Debajo de la casa familiar y con entrada directa al corredor adonde se encontraba la escalera, había una puerta que comunicaba con la trastienda del negocio y un depósito repleto de mercadería. Cuando se abría la misma un olor a tienda lo abrasaba de inmediato (quien tiene alguna que otra cana sabrá al olor que me refiero).

“Tienda El Obrero” rezaba en un barato letrero colgado arriba de la puerta principal de la misma en dos hojas de vaivén que tenían colgadas unas campanitas que al entrar un cliente comenzaban a chillar. En esa misma entrada estaban las dos vidrieras laterales en forma diagonal y había otros dos escaparates más uno en cada calle. Todo eso estaba protegido desde arriba por el gran balcón antes mencionado.

Doña Frida había sido el arquitecto constructor contratista y hasta el albañil de aquella casona construida sobre un arroyo de aguas servidas al que hubo que rellenar para poder realizar la obra.  Si no hubiese sido por mi abuela la esquina de San Martín y Roberto Koch hoy todavía seguiría siendo un arroyo. 

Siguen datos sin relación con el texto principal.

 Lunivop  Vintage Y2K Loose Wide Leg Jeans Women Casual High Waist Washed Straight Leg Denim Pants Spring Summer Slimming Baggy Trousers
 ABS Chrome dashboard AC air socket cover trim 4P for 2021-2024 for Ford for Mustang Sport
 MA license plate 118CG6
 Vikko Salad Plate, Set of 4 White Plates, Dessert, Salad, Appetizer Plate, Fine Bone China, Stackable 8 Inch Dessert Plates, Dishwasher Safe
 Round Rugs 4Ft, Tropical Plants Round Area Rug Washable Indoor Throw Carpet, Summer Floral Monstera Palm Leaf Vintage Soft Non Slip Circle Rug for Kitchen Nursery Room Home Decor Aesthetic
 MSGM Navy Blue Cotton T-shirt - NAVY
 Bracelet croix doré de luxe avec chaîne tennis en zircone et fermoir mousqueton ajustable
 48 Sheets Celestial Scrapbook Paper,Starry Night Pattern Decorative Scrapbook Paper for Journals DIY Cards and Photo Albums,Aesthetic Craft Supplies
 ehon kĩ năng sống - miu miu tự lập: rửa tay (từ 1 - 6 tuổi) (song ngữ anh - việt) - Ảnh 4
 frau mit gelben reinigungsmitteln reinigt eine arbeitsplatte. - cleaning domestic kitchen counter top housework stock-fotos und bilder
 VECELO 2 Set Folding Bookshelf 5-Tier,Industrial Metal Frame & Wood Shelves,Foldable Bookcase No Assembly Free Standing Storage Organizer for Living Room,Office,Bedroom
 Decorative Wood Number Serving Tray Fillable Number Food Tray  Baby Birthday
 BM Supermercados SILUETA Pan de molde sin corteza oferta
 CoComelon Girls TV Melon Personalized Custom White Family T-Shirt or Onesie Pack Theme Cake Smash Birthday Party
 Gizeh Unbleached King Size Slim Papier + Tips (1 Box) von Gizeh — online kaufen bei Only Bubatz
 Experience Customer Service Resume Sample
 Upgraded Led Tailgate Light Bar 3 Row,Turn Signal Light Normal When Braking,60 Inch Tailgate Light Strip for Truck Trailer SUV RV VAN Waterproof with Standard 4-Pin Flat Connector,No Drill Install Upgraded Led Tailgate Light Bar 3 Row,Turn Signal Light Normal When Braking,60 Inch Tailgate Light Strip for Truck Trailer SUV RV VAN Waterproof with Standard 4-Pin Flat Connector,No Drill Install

Por supuesto que allí donde terminaba la casa y la tienda de su usufructo afloraban seis apartamentos que se fueron haciendo y alquilando para la renta de la vejez como era de estilo en aquellos años. Y ahí, al final de la escalera y detrás de la pared protegida tan solo por esa extraña puerta se transformaba aquél que supo ser el hogar del matrimonio de emigrantes y sus siete hijos en dos apartamentos para alquilar que pasarían a ocupar extraños con otras historias a cuesta, pero para mí bobe eran los recuerdos de las voces de sus hijos hoy ausentes.

Con esta rareza doña Frida mantuvo el sueño de que su familia seguía bajo sus alas, prefirió ver la puerta y no una fría pared.

 Para ella allí detrás estaban sus hijas estudiando y en la otra parte de la cocina se seguían elaborando los exquisitos y abundantes desayunos, almuerzos, meriendas y cenas que hacían de ese hogar escondido, el porqué de su existencia.